Геродот, который не был ионийцем (в Галикарнасе говорили на дорийском диалекте) и, возможно, был повинен также в некоторых анахронизмах восприятия задним числом, имел весьма смутное представление о решении афинян. Он неодобрительно противопоставил его холодному отказу Спарты выполнить просьбу ионийцев о помощи и по-гомеровски рассматривал его как «начало зла» для Греции[21], ибо он видел единую цепь причинно-следственных связей между фатальным решением Афин, карательными экспедициями и будущими завоеваниями в материковой Греции, осуществленными сначала Дарием, затем Ксерксом и позже в конце пятого века:

Ведь за время царствования Дария, сына Гистаспа [521–486], Ксеркса [486–465], сына Дария, и Артоксеркса [465–424], сына Ксеркса, на протяжении этих трех поколений Эллада испытала больше невзгод, чем за 20 поколений до Дария.

Это только одна из множества ссылок на данный период после основной темы — Греко-персидских войн. Поскольку Геродот явно дожил до вспышки катастрофического конфликта между Спартой и Афинами, известного как Пелопоннесская война, представлявшая собой продолжительную внутригреческую гражданскую войну, вполне возможно, что именно ее он имел в виду, вынося столь мрачное суждение.

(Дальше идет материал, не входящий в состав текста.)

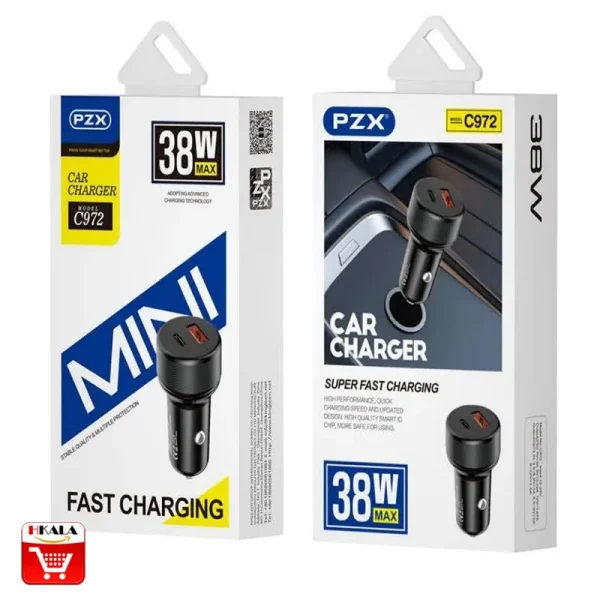 شارژر فندکی PZX C972؛ شارژ فوق‌سریع 38 وات - تصویر 2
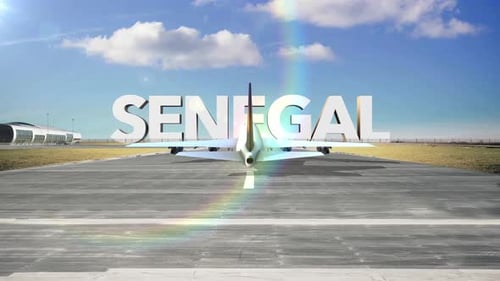 Commercial Airplane Landing Country Senegal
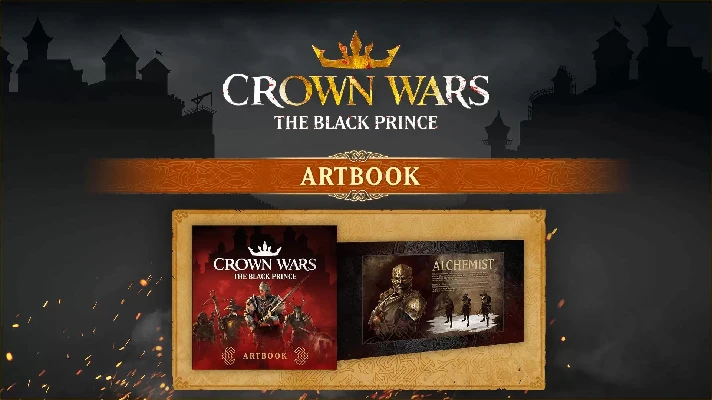 DLC Crown Wars: The Black Prince - Artbook STEAM KEY🔑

Однако сомнительно, что восстание в целом или роль в нем Афин могли обладать той объяснительной и причинной силой, какую им приписывает Геродот. Похоже, что он недооценил военный и политический успех восставшей стороны, выразившейся в уникальном военном сотрудничестве между греками и негреками как на азиатском материке, так и на Кипре, и, напротив, преувеличил степень дозволенной грекам независимости якобы великодушными персами даже после их окончательного поражения. Демонстрация силы состоялась на море при Ладе близ Милета летом 494 года. Позор восставших был тем более велик, что основной греческий контингент с острова Самос покинул своих товарищей по оружию непосредственно перед последим сражением.

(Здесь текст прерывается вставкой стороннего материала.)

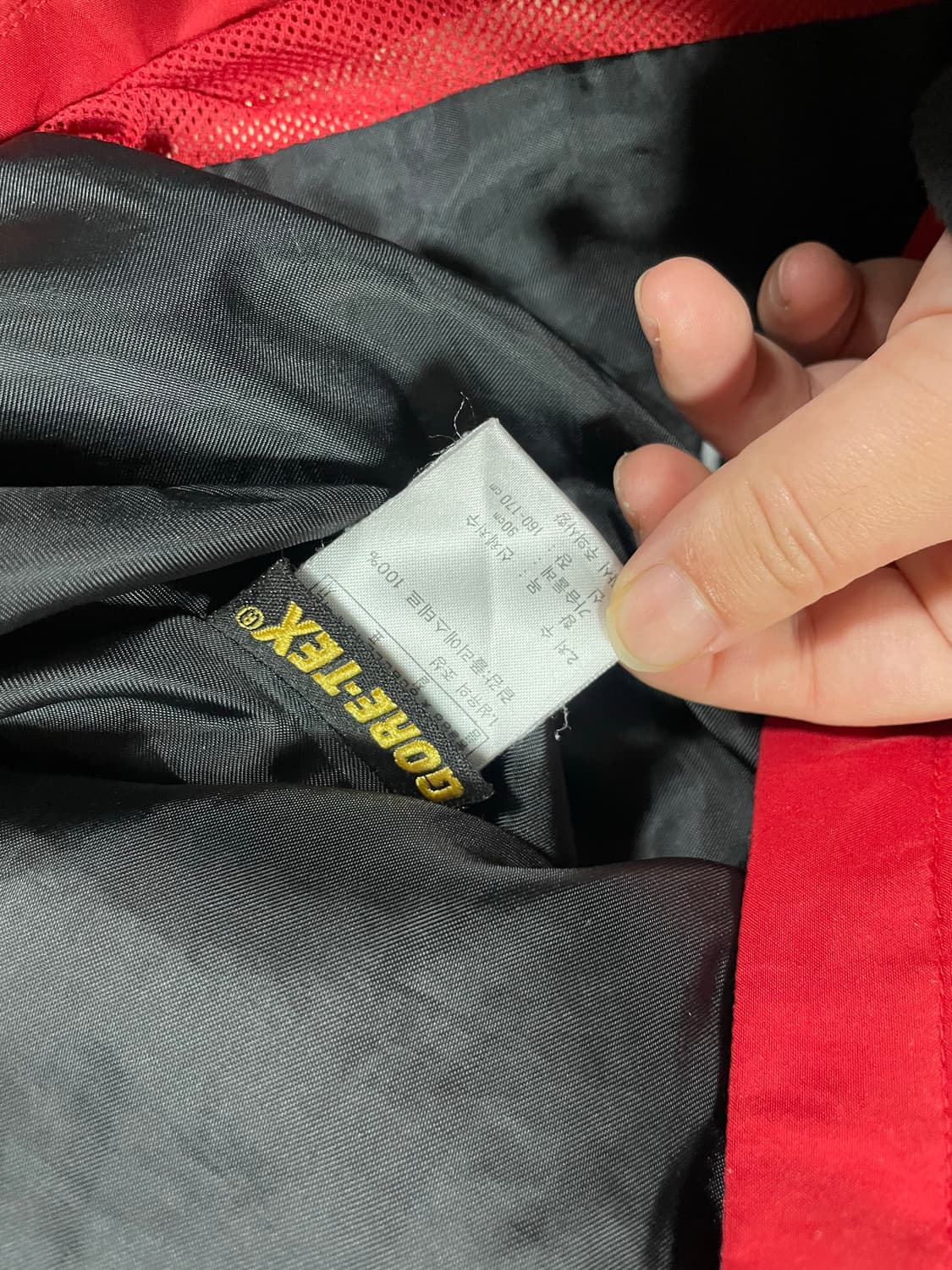 K2 레드 바람막이 자켓 아웃도어 상품이미지4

Тем не менее Геродот считал, что в 493–492 годах назначенный Дарием правитель региона позволил ионийским городам стать «демократиями»[22] для всего мира, как если бы они были наравне с тогда еще фактически единственной афинской демократией[23]. Современные исследователи справедливо считают, что самое большее, что могло быть им дозволено, — это некая разновидность «муниципального совета». Однако ко времени вторжения Ксеркса в 480 году в некоторых ионийских греческих городах продажные тираны опять зловеще продемонстрировали свое малопривлекательное лицо. Более того, Ионийское восстание отнюдь не помешало Дарию считать, что он может и дальше распространять персидское присутствие в Европе. Напротив, немедленно последовало покорение Македонии сатрапом Фракии Мегабазом.

Однако свою следующую военную инициативу в 490 году Дарий осуществил не наземным путем и не через Северную Грецию. Она проходила по морю, через острова Эгейского моря, и была направлена в первую очередь против города Эретрия на острове Эвбея, а затем против Афин. Флот, преимущественно финикийский, прошел более или менее прямой путь от родных берегов у ливанского побережья через крупнейший остров Киклад Наксос (уже причинивший неприятности в 500 году) и затем в Аттику. Экспедицией командовали Артоферн, брат Дария, и мидянин по имени Датис (который, как мы знаем из персидских документов, уже имел личный опыт в западном секторе империи).

Официальным поводом для экспедиции было наказание. Почти десятилетием раньше Эретрия и Афины осмелились оказать помощь восставшим ионийцам, и такой вызов могуществу империи и вмешательство в «ее» сферу, как бы незначителен в конечном счете ни был его эффект, требовали демонстративного сурового возмездия.